Work order:
Repeat exactly, please, the lines that begin at the start of the listing and end at the line holding "Sheath dress with removable cape".

Data supplied:
+ + + +
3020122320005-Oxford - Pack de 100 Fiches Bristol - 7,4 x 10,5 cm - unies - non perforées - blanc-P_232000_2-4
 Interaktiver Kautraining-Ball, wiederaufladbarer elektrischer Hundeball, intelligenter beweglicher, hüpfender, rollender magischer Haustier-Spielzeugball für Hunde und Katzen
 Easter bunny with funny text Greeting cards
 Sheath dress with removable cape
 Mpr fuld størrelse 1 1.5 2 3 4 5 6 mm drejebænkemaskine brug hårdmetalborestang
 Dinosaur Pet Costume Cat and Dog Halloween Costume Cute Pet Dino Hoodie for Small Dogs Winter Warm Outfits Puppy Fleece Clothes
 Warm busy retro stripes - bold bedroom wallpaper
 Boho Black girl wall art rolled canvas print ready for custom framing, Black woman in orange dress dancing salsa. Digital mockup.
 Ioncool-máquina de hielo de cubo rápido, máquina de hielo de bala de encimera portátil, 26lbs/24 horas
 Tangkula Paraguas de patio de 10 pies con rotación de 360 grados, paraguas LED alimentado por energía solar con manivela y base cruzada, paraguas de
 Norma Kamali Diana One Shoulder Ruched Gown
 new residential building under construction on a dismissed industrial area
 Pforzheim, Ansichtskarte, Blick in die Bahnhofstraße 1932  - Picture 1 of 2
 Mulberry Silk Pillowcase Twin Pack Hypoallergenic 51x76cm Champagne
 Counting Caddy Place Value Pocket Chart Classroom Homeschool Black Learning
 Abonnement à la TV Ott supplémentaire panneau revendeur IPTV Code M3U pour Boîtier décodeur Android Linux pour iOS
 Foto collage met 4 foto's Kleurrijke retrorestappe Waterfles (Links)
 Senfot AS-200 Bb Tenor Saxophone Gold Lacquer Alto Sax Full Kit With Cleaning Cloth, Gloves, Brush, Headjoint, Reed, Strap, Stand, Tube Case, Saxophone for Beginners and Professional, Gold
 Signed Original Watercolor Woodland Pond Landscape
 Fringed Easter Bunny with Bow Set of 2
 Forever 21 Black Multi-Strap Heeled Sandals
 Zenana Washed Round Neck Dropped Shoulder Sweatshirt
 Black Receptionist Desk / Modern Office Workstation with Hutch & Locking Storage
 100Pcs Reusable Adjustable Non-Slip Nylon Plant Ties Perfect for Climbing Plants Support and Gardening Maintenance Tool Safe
+ + + +
Written reply:
3020122320005-Oxford - Pack de 100 Fiches Bristol - 7,4 x 10,5 cm - unies - non perforées - blanc-P_232000_2-4
 Interaktiver Kautraining-Ball, wiederaufladbarer elektrischer Hundeball, intelligenter beweglicher, hüpfender, rollender magischer Haustier-Spielzeugball für Hunde und Katzen
 Easter bunny with funny text Greeting cards
 Sheath dress with removable cape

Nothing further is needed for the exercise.